It is interesting that I am around a 750 rating, without ever making a trade. Since the highest I have seen is around 995 or so, that tells me that 75% of the advisories seem to underperform the market.
>It is interesting that I am around a 750 rating, without ever making a trade. Since the highest I have seen is around 995 or so, that tells me that 75% of the advisories seem to underperform the market.
Na, it’s not telling you a thang (except that you are basing some
of your conclusions on something less than fact):
“Posted: Victor gui (C2 Rating: 6)
When: 6/13/06 (11:47)
Systems: Victor daytrading”
"Win % 100.0%
Cumu $ $60"
Victor’s system is “100% right”, has a profit, and his rating is 6…
This has been beaten to death, and Matthew has said the ratings were
funky. Since you’ve done your homework on C2 (you were posting on the ratings thread!), why would knowingly you use this bad data to make your point?
"On the face of it, I cannot speak for how any one trader does with incredible streaks. Given that the annual performance of CTAs that are published, and that places like Striker and Robbins keep publishing systems results, as well as C2, Timertrac, Hulberts, FuturesTruth, Timer Digest, and others cover huge numbers of publishers and advisors, this is an extreme rarity to attain greater than a couple hundred percent a year."
No doubt it’s a rarity, but I suspect he had the freedom of not worrying
about OPM, the NFA, the CFTC, etc. I’m not sure how you can point to
10 and 16 year track records as “streaks”. Anyway, my point in mentioning them is that they refute the random walk. I don’t think you
can get lucky for sixteen years.
I share some of your cynicism, and I respect your wariness regarding track records, but I find your perspective inconsistent at times. You attack a system with a max DD of 9%, tout one with 30% DD’s, talk about how rare 100’s of % performance is, and then say 800% is doable
off the simple “sell in May and go away” cliche.
" my point in mentioning them is that they refute the random walk. " The existence of the occasional overachiever, fat tails, and other evidence rendered the pure Random Walk Theory a fool’s errand a long time ago.
Random Walk with a drift is not the same as Random Walk.
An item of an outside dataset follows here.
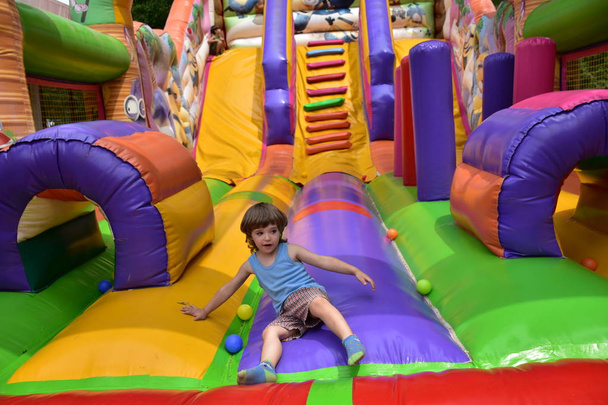 child play on the inflatable castle - Photo, Image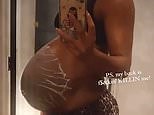 Kelly Rowland shows off her baby bump while using belly mask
Anymore than Efficient Market is the same as Relatively Efficient Market. The evidence both in testing, and other methods, strongly suggests that markets seem to behave as essentially random (chaotic, whatever), but with a definite trend aspect. A search on Random Walk with a Drift will bring up a large number of hits, theories, abstracts, whatever.
But the existence of periodic market inefficiencies is what makes trading worthwhile. Some people definitely locate a vein, and do well mining it. Many of these inefficiencies, such as the January effect, tend to go away its public discovery. No worse nightmare to a trader with a real advantage, then to have EVERYONE know about their "discoveries"
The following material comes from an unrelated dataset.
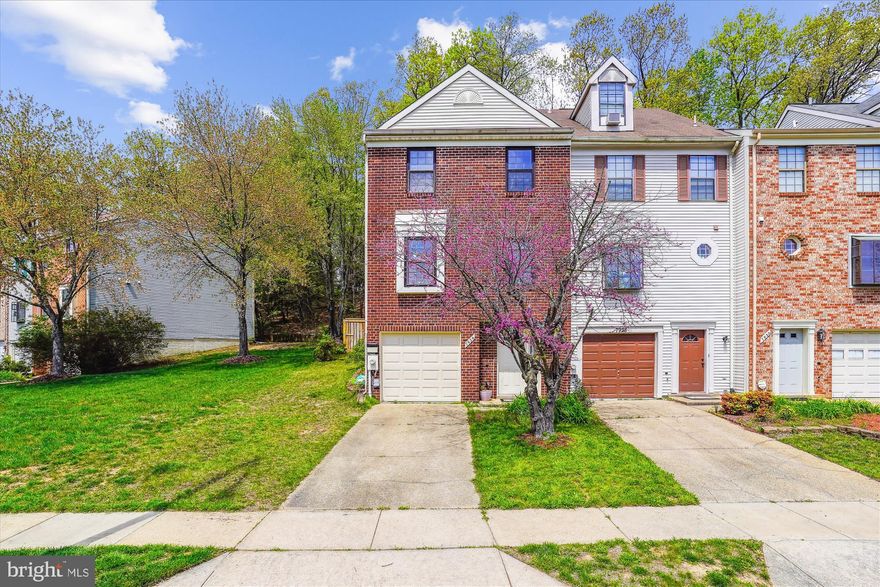 Welcome Home to 7926 Ashford Blvd!  Well maintained and Move-In Ready!!   End-Unit w/Garage townhome featuring 3 bedrooms, 2 full and 1 half baths on 3-fully finished levels!  This home offers a welcoming ceramic tile  foyer, a fully finished rec room, and garage access on the entry level.  The upper level open concept living space offers a sunken living room with fireplace and SGD access to outside,  a  separate dining area with hardwood flooring, a spacious open table-spaced kitchen and half bath!  The upstairs level includes a primary bedroom and  private bath with jetted spa tub, two additional good-sized bedrooms, a full bath and linen closet round out this level.  This property has been  freshly painted with new carpet and is waiting for you to call home.  Located in highly desirable Laurel Lakes community, you are convenient to all that Laurel has to offer including abundant dining, entertainment, shopping options and local activities, not to mention nearby access to Route 1, the I95 and Route 200 access points.  Better hurry to see as this one won't last!!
Streaks in the same way as calling a team that wins a large number of championships over a long period of time, such as the Yankees, tend to go on. Or dynasty… I dont think the word is limited in its usage. I suppose the Dinosaurs had a good streak, for the Triassic, Jurassic and Cretaceous 
800% was doable in the past, like a 10 or 16 year high-profitability period as you had mentioned. There is not guarantee that these traders could reproduce this starting from scratch today (June 13, 2006). They may or they may not. I would give them about as much chance as the seasonal nature of the stock market. it is doable, but some years it evaporates. Up until this year, physical and other commodities have been relatively seasonal. THe past 12 months of climbing commodities prices (sugar, gold, oil, etc.) has swamped this effect (as can be seen in the website records of seasonal trading advisors).
"Anyway, my point in mentioning them is that they refute the random walk. I don’t think you can get lucky for sixteen years. "
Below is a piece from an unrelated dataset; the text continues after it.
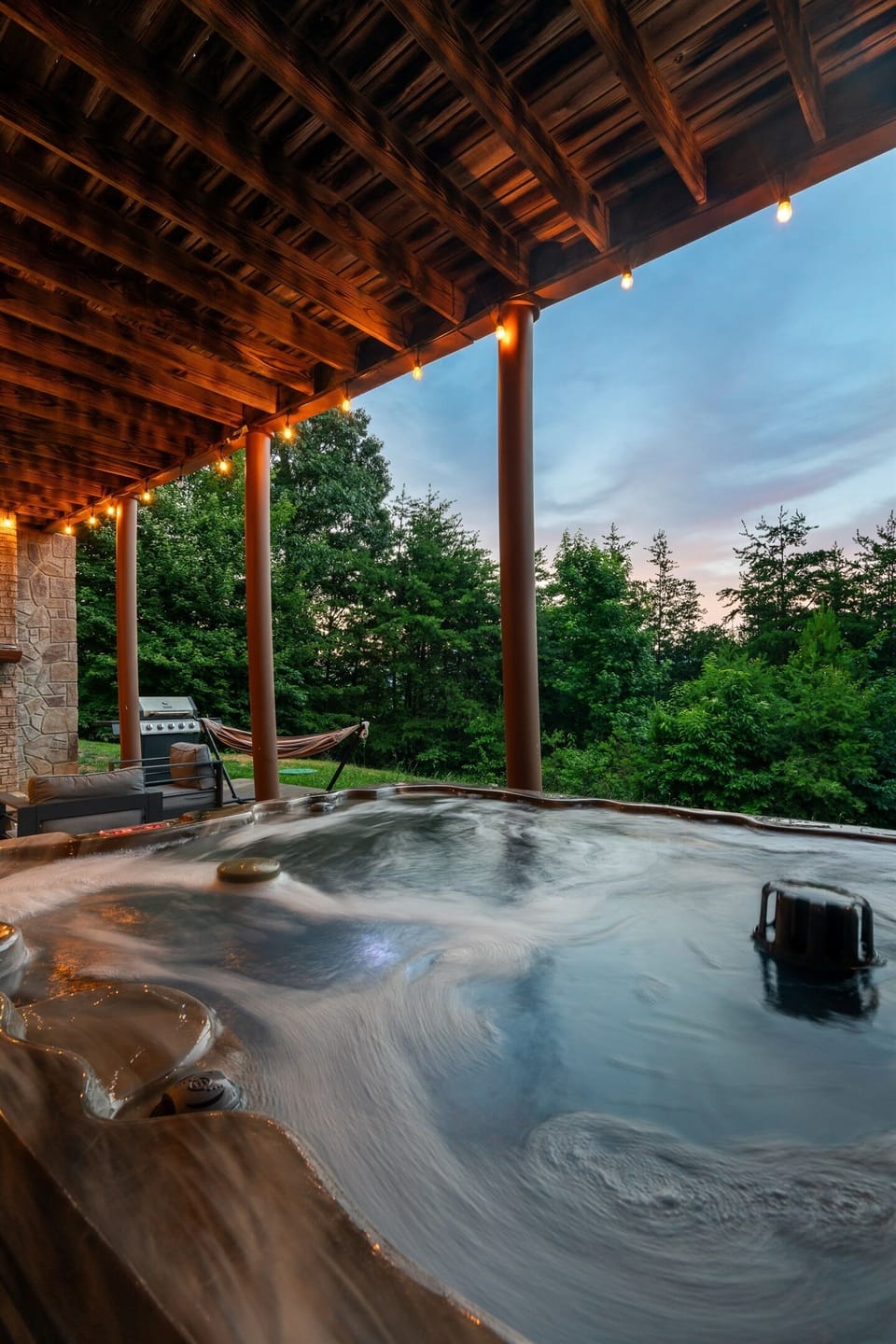 Unwind and watch the sunset while relaxing in the hot tub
Actually, it is not hard to get lucky for way more than 16 years. Even ignoring using the best time of year or month, anyone using stock futures or options (whatever leveraged stock investment) could simply leverage and hold on the market, if done at the right time.
And using fixed fractional or fixed ratio, it is quite possible to drive the returns into the millions of percent on pure “lucky timing”, by simply looking at the past. For example:
The year is 1945, the war is almost over, and Matthew’s C2 is there, but in tabloid form. 500 people (call it the “C2 advisors” set) decide to make a killing in the markets
So each year on January 1st, 5 people plow into the market in leveraged form:
1945: One uses 3x leverage, one uses 4x leverage, one 5x, one 6x and one 7x. Following a 50-50 blend of Fixed Ratio and Fixed Fractional, they keep this up until broke, or reach 100,000% return, and then stop.
1946, 5 new people start, same leverages, same rules.
This keeps up until approx 1995, when the last of the 500 have entered the market.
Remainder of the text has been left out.